O antigo campeão do mundo, Steve Thompson, admite: “Desejo nunca ter jogado râguebi”. O ex-internacional inglês venceu o Mundial de 2003, mas não se lembra de ter lá estado. Thompson sofre de demência precoce.
A confissão do antigo atleta surge numa altura em que a Universidade de Glasgow publicou um estudo que afirma que os antigos internacionais de râguebi estavam sujeitos a um risco dramático de sofrerem de demência, Parkinson ou doença neuronal motora, o que coincide com as últimas pesquisas feitas no futebol e no futebol americano. Os problemas cerebrais no râguebi estão a ser formalmente investigadas e os autores dos diversos estudos pedem medidas urgentes.
Na quarta-feira, Thompson descreveu à “BBC” o impacto da sua doença degenerativa no dia-a-dia: “Eu diria que não, não valeu a pena, porque preferia não ser um fardo para a família. (…) Tem havido um problema, a andar por aí, mas agora rebentou. Tive três pessoas a contactarem-me no último fim de semana, estão com problemas, a divorciar-se”.
Em janeiro de 2020, fez-se uma primeira intervenção em relação ao futebol, depois de se ter descoberto que antigos profissionais tinham 3,5 vezes mais probabilidades de sofrer de uma doença cerebral degenerativa, com ainda mais tendência no caso da doença de Alzheimer.
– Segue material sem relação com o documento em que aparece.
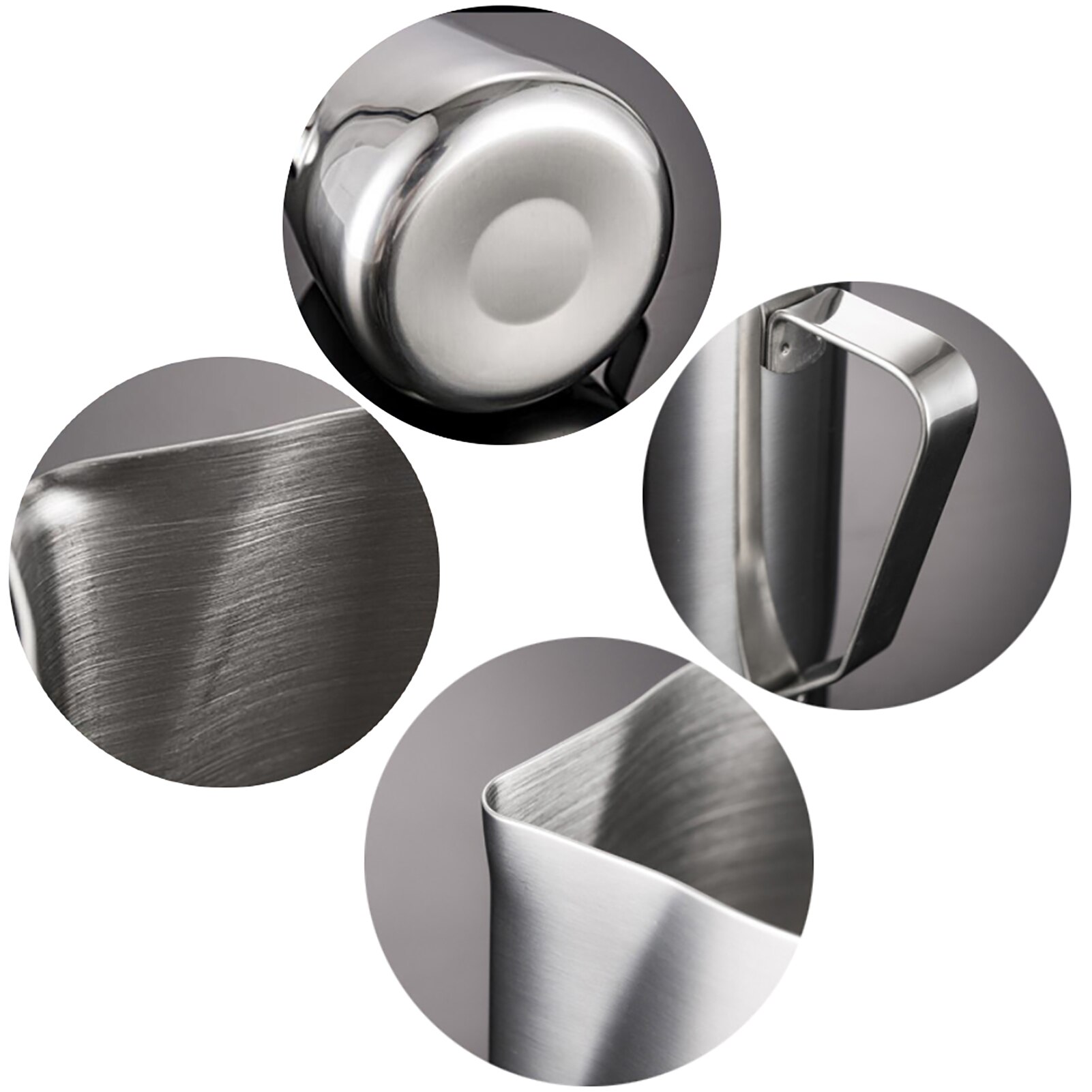 350/600/1000ML Stainless Steel DIY Coffee Jug Milk Frothing Craft Pitcher Cup Jugs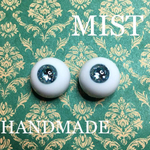 レジンアイ 15mm MIST ミスト 水色系 幼SD 球体関節人形 スワロフスキー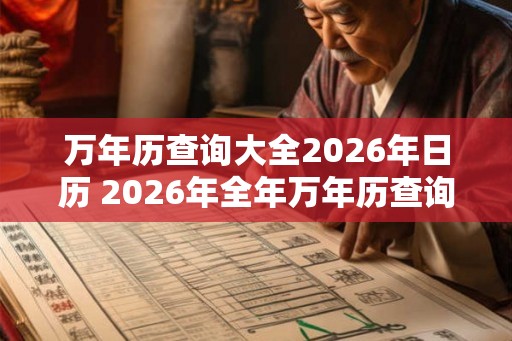 万年历查询大全2026年日历 2026年全年万年历查询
Tendo em conta a doença neuronal motora, as hipóteses são 15 vezes maiores em antigos jogadores de topo.
“Já não é possível ignorar este problema que ameaça vidas e as suas ramificações nos desportos de contacto. O râguebi está agora ao nível do futebol nos desportos que podem causar lesões cerebrais”, disse Judith Gates, fundadora da organização Head for Change. Com Dawn Astle, a cientista alertou o Conselho das Lesões Industriais, um organismo independente que reporta diretamente ao governo britânico.
“Em 1995, com o início da era profissional, com um aumento de impactos nas cabeças, (…) é difícil prever quantos incidentes e subsequentes doenças cerebrais vão aumentar em estudos vindouros”, diz Gates, que deixa um aviso: “Os organismos responsáveis pelo desporto têm de cumprir o dever de cuidar dos jogadores. Amanhã será tarde demais para os jogadores de hoje”.
Richard Boardman é advogado e lidera um processo contra a World Rugby. Para Boardman, “o problema das lesões cerebrais traumáticas no desporto está numa escala epidémica e é uma ameaça existencial a todos os níveis, seja elite, amador ou juvenil”.
Eanna Falvey, responsável clínica da World Rugby, argumentou que o organismo investiu mais de 10 milhões de euros em estudos e estabeleceu um grupo de trabalho independente para avaliar novas pesquisas e potenciais alterações ao jogo. “Vamos continuar a trabalhar na tentativa de tornar o nosso desporto o mais seguro possível para jogadores de todos os níveis”, garantiu.